Animation such as waves, birds, and even people may be added to the scene by mapping movie clips, rather than still images, to a portion or all of the inside of the Dented Ball. Modern video compression algorithms nearly half the amount of data that must be pulled off the game DVD to equal the image quality of a standard movie DVD, and modern computer DVD drives are capable of reading data much faster than is necessary to play movies compressed the old fashioned way. By feeding movie clips into the priority system above, waiting time between nodes can still be kept to a minimum. In addition, a standardized set of tools for fading, overlaying and cutting between still images should be integrated to allow for such simple effects as lightning flashes and the slow dimming of the sun as it goes behind a cloud, without requiring a large and unwieldy video clip.

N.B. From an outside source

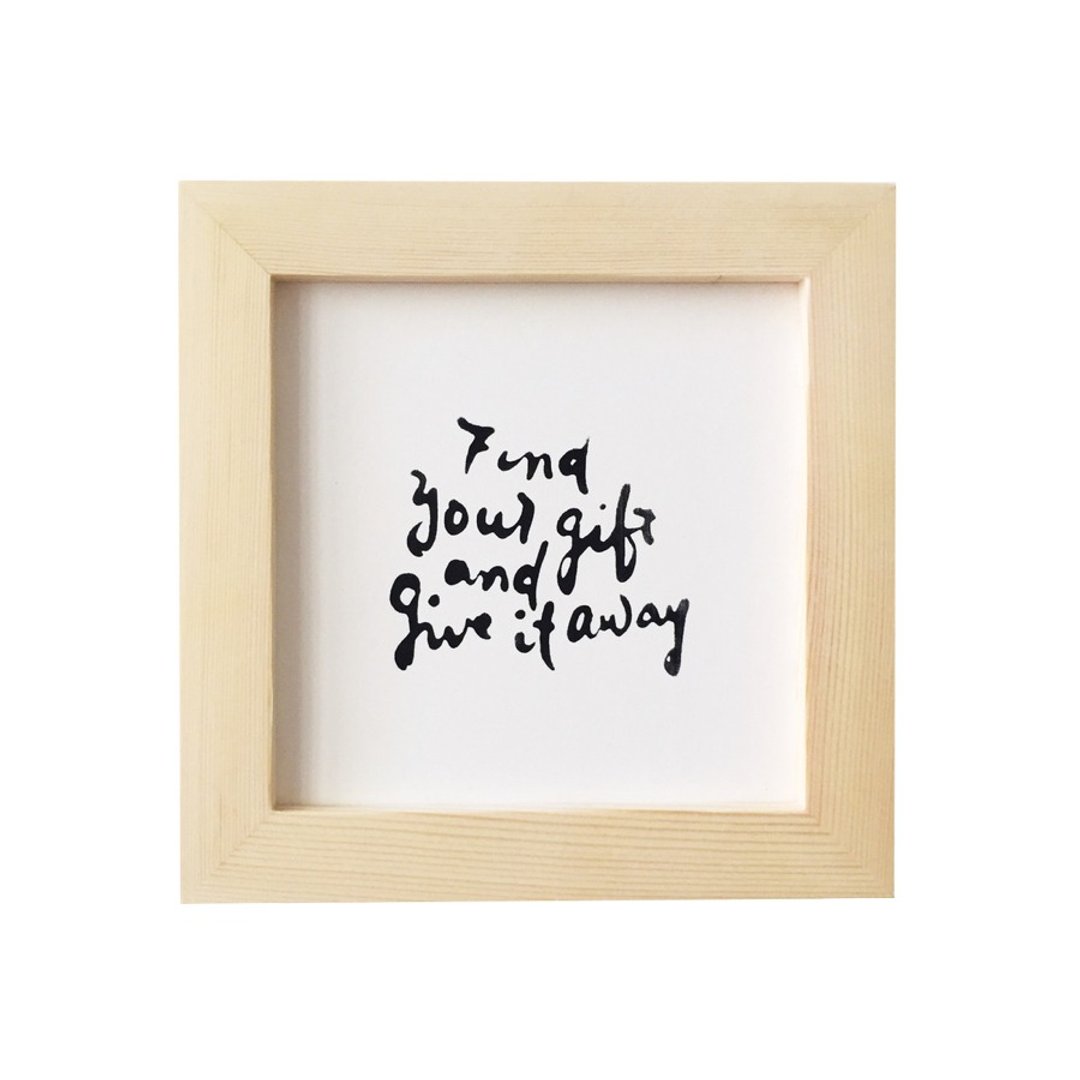 简约字体摆设(连相架): Find your gift and give it away, 原木色, 5"x5" - 摆饰 - 纸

In an ideal scene, there are no objects near the camera. (This is of course unlikely.) The edges of the ball on which the scene is painted are too far away from the viewer for the slight position offset of the camera to be noticeable. This would be a scene of the player floating high in the air — on the whole not very useful.
Nearby objects are the reason we call this the Dented Ball. Imagine that the player is standing near the corner of a wall. Panning right, more of the right side of the wall becomes visible, panning left, the opposite. In order to simulate this effect, the ball itself has been dented inward, toward the camera, so that its edge matches up with the wall’s corner in the prerendered scene. From the outside, the ball would appear to have a large dent in it, hence our name for it. Because the camera offset is most noticeable when objects are close, gradually falling off to imperceptibility as objects move farther away, the actual dent of a perfectly right-angled wall in the ball would not have straight edges, but would in fact taper out at an increasingly gentle angle before plunging smoothly back into the outside surface of the ball.
Despite our name though, dents aren’t the only method we’ll need to produce proper foreground/background separation while panning. (We should just go ahead and call this separation “parallax effects.”) Reference the pen with one eye closed again. It, like a blade of grass, glasses on a nearby table, and any number of other real world objects exhibit a complete separation from their background. In such cases we’ll need to slice the ball into concentric layers, like an onion, and map a series of cutout portions of the scene onto each. There will be times when we’ll need to combine slices with dents. Depth maps, grayscale images representing simply how far any point in a given image is from the camera, can be rendered from any 3D animation package, and can be used to assist an automated workflow for making these dent and layering decisions.
The Dented Ball allows us to create a richer visual experience, both static and in motion, than any previously conceived graphic adventure engine. By repurposing modern video cards to draw concentric near-3D nodes, we find a new way to leverage the technologies users and game developers already possess. We unify the rich legacy of graphic adventure games like Myst V while discarding our detrimental modern preoccupations. In doing so, we glimpse a third path though the complexities of contemporary game design and begin once again simply to explore.